Dieser, adäquat zum Autor, bald 44-Jährige steht im Januar 2022 auf dem Balkon seiner Wohnung, sieht auf  einen See, stellt die Veränderung der Welt bereits im ersten Satz fest und erinnert sich an seine Fernreisen als 23-Jähriger zu Beginn der Nuller-Jahre. Es sind Erinnerungen an das Gefühl absoluter Freiheit und dem Hunger nach Leben. Einsamkeit und die Unverbindlichkeit des Jungerwachsenendaseins sind die Begleiterscheinungen dieses Ausbruchs aus alten Fahrwassern. Hongkong, Australien, Südamerika und schließlich Spanien, inklusive Unterbrechungen in Chur, sind die Ziele des Ich-Erzählers, der diese Zeit als Übergangsphase vor dem Eintritt ins ihm damals viel zu beengt erscheinende bürgerliche Leben versteht. Freiheiten genießen, sich sorgenlos treiben lassen, neue Möglichkeiten der eigenen Existenz ausloten, in vielerlei Hinsicht betreibt Camenischs Erzähler ein Manifest des „Carpe diem“.
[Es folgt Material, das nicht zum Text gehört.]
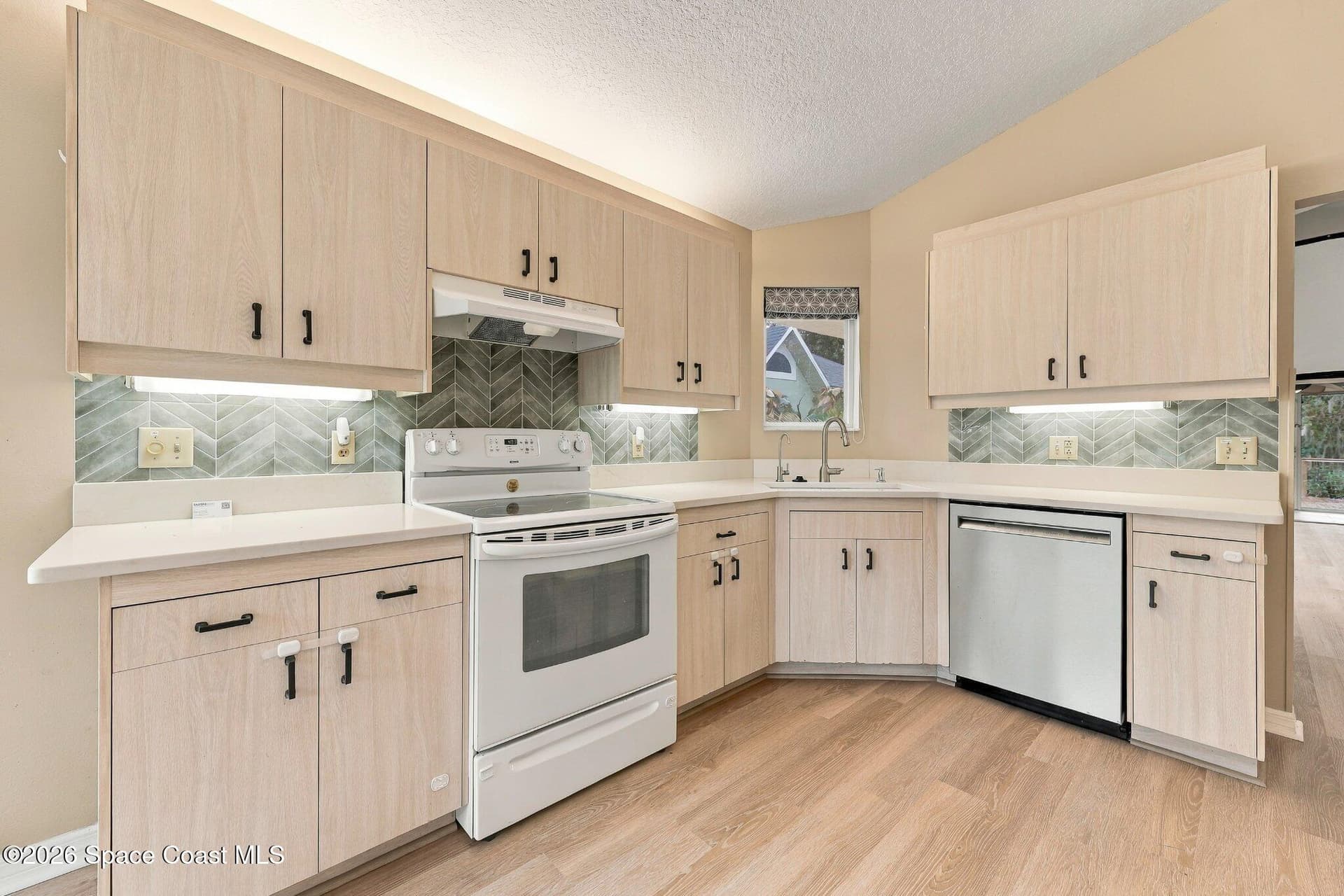 2825 La Cita Lane photo 12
Nine-Eleven, der Jahrhundertsommer 2003, Erdbeben in Südamerika, die digitale Revolution, Erderwärmung und Klimawandel gehören genauso zu den behandelten Themen des Romans wie der Veränderungsprozess des Protagonisten, der sich als Erzähler immer mal wieder von seinem Balkon aus zu Wort meldet.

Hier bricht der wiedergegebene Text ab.